SAAB is a professional organization whose members serve as role models for inner-city neighborhoods throughout the country. SAAB tries to help men of color to realize and achieve their fullest potential by upholding a caring outlook and to transform themselves by changing their attitudes, mentoring their fellow brothers and providing positive leadership within their community.

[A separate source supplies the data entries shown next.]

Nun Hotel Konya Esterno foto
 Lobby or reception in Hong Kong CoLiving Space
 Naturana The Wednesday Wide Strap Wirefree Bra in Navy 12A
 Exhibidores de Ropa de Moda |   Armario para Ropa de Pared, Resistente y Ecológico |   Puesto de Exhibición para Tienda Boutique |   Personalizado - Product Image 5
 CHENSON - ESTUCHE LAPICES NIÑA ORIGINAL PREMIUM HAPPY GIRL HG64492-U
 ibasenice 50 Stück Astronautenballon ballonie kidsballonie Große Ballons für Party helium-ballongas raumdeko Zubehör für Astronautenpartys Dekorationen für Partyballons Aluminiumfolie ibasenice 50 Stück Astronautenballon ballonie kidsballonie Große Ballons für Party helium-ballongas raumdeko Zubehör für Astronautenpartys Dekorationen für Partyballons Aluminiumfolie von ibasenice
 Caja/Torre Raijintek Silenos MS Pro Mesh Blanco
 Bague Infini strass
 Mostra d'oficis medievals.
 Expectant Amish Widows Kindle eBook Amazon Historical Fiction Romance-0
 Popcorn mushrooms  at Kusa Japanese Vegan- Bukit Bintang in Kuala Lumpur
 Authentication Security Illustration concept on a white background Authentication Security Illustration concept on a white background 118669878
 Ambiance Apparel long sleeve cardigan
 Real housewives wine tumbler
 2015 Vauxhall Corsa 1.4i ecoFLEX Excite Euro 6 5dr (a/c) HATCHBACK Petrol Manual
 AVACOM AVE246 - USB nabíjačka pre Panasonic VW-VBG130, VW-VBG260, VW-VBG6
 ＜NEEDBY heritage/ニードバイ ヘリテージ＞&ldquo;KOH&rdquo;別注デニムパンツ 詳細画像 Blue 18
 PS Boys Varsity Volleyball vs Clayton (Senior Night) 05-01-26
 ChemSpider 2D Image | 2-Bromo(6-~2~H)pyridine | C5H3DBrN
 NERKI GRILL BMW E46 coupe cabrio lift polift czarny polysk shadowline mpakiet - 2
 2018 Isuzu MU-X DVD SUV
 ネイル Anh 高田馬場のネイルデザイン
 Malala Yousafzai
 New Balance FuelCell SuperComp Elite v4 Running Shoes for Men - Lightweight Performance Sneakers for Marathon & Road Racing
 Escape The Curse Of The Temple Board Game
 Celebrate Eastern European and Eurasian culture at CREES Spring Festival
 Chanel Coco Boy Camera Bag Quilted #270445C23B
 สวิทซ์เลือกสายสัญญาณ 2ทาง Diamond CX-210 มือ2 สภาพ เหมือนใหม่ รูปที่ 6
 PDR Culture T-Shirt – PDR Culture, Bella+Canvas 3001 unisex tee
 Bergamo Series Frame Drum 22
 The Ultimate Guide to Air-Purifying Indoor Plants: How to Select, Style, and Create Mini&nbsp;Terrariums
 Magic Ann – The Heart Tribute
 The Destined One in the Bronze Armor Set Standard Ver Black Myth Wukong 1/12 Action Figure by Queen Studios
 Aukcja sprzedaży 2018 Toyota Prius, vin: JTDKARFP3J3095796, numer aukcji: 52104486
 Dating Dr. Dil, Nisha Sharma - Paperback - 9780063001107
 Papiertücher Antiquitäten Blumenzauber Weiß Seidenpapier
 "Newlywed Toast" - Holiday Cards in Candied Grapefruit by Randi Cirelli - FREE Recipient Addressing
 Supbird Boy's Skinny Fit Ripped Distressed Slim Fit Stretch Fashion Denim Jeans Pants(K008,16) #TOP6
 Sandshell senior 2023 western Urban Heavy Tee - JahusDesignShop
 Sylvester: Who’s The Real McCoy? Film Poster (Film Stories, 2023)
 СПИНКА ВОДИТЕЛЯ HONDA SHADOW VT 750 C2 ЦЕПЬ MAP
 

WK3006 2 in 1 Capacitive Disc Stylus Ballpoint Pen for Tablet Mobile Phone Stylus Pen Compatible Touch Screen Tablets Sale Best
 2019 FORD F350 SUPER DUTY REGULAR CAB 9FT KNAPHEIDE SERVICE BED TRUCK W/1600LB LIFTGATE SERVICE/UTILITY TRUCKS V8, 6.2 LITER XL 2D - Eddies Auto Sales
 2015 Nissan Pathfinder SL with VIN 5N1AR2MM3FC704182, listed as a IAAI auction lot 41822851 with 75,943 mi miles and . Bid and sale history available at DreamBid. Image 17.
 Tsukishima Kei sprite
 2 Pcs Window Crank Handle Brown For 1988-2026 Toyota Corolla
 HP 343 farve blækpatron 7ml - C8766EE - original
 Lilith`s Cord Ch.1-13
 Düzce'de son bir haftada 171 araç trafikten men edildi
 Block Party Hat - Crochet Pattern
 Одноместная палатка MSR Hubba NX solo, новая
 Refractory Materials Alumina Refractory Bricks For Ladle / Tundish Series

The organization’s commitment to enhancing the school and life experiences of underprivileged men of color is fueled by the synergy of the college campus and the concept of graduating from high school and college as a means to survival and self-sufficiency. By mobilizing and developing human capital through our student participants, SAAB hopes to infuse our society with a culture of young men that will make a national impact and empower all people through appropriate mentoring and role modeling despite social disparities, to achieve an education and in turn play an active role in bettering the lives of others.

== Chapter structure ==
SAAB attempts to distinguish itself from other minority student programs in the following ways:
1. A national success rate as a dynamic educational-based organization that serves thousands of young men at 180 middle schools, high schools; community colleges and four-year institutions with chapters that are at least 5 years old. Eighty Six percent (86%) of SAAB student members graduate from college, compared to a national average of 42% among black men in particular.
2. To become a SAAB member one must accept the charge to be a role model and a mentor. SAAB members are polite, sincere, hardworking, and encouraging; knowing that these characteristics are counter to the popular but offensive negative images of young black and brown men in America.
3. SAAB members are required to tutor and mentor high school, middle school and elementary students as a way to seed the same caring spirit that SAAB promotes.
4. When compared to other male support groups and fraternal organizations geared towards the same population, SAAB maintains stricter membership requirements that are unrelated to entertainment or sports. SAAB Chapters must adhere to annual membership requirements and core standards to remain part of the national network and comply with implementation fidelity desired across all chapters.

== Membership ==
SAAB membership is open to any student attending an institution that is a registered SAAB Chapter.

== Activities ==
The First International SAAB Leadership Institute was held at the University of Toledo in Toledo, Ohio on March 4–6, 2004 under the theme "Strength for Your Journey: Voices of the Past". Brothers from various chapters were able to meet with other brothers who held similar goals and aspirations.

The Student African American Brotherhood members serve their communities through mentorship, role modeling, and programming that highlights the experiences of African American culture as well as black men’s roles in society.